Awards and Enterprise Agreements often contain an ‘excess leave’ provision that an employer may be able to activate in support of shut down, but such provisions are often restrictive in how much leave the employer can direct an employee to take.
In a non-Award situation, the employer can only direct an employee to take annual leave if it is deemed ‘reasonable’ in the particular situation, which will vary according to the circumstances of the business & the employee. The safest path is to ensure that your employees either (a) agree to take annual leave during shut down, or (b) the direction is covered by their contract of employment.
What if your employee hasn’t accrued enough leave?
Where your employees are covered by an Award or an Enterprise Agreement, check for provisions that set out what happens if an employee has accrued insufficient leave. Some Awards will contain a specific clause which allows the employee to take leave without pay to cover a period of shut down – whilst others may be silent.
Where an Award or Enterprise Agreement is silent, then check if this question is covered by the employment contract. If it isn’t addressed, best practice is to negotiate with the employee to take leave without pay. But beware – employers cannot force employees to take leave without pay where the Award and/or contract of employment are silent.
When can you direct employees to work?
Under s114 of the Fair Work Act an employer may request an employee to work on a Public Holiday if the request is deemed ‘reasonable’. Conversely, an employee can refuse if the request is not reasonable or where the refusal is reasonable.
A ‘reasonable’ request or refusal would take in to account factors such as:
- The nature of the employers workplace;
- Type of employment (FT, PT, casual) and the nature of the work;
- The employees personal circumstances;
- The amount of notice in advance given;
- Entitlement to receive overtime etc that reflects expectation of work on PH
What do you have to pay your employees on Public Holidays?
If employee works on a Public Holiday the employer should pay penalty rates that comply with the requirements in the Award or Enterprise Agreement.
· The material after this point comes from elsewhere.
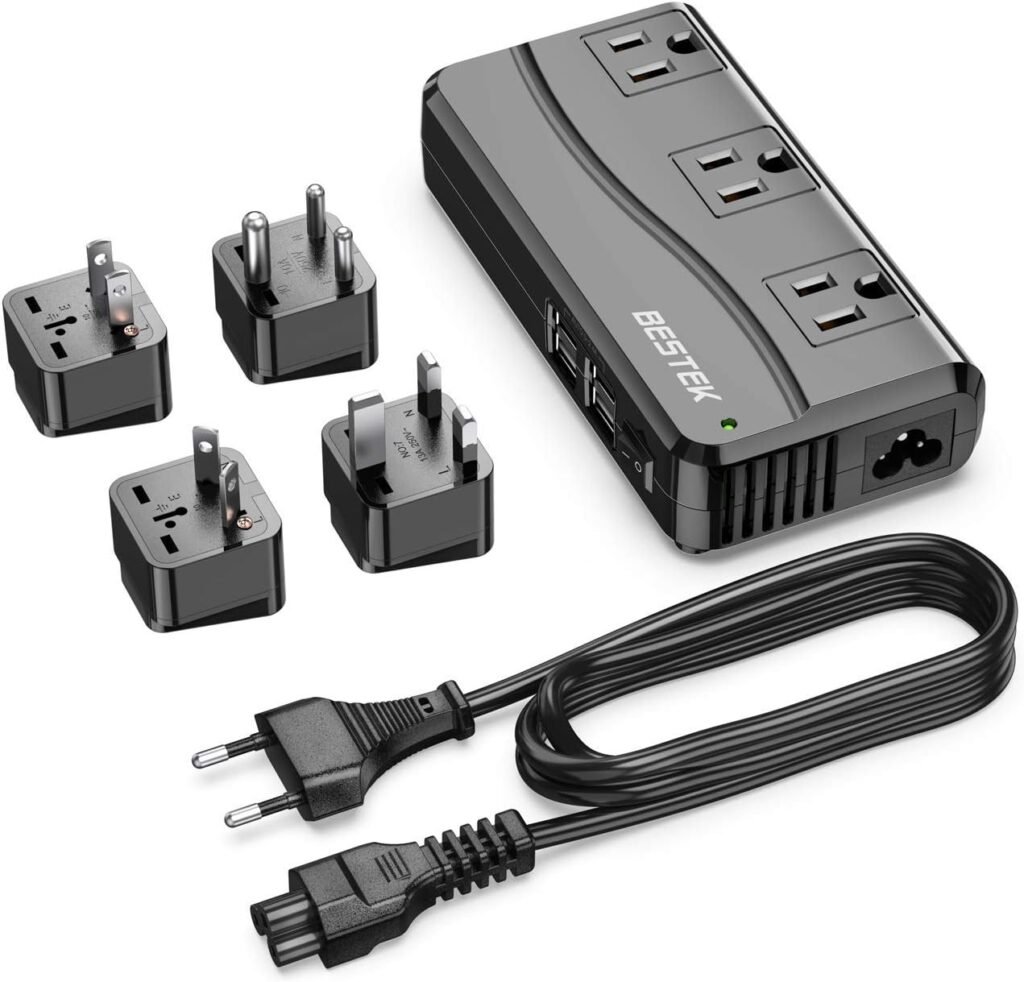 BESTEK Universal Travel Adapter 100-220V to 110V Voltage Converter 250W with 6A 4-Port USB Charging 3 AC Sockets and EU/UK/AU/US/India Worldwide Plug Adapter (Black)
If the Award or EA is silent, check for requirements laid down in the employees’ employment contract.
If the employee doesn’t work on a Public Holiday, Section 116 of the Fair Work Act requires that the employer pays at the employee’s base rate of pay – excludes loadings, allowances, penalty rates etc. If the employee is not rostered to work they are not entitled to payment.
If a Public Holiday clashes with period of annual leave the employer cannot deduct the Public Holiday from the employees annual leave balance.
Substituting Public Holidays
Employers and employees may agree to substitute a day or part-day Public Holiday for another day. Since October 2019 most Awards have removed the employer’s ability to unilaterally substitute a Public Holiday or substitute a Public Holiday with agreement of the majority of staff, and replaced it with the ability for employers and individual employees to agree to substitute a Public Holiday.
From all here at Ezra Legal we wish you a safe and merry Festive Season.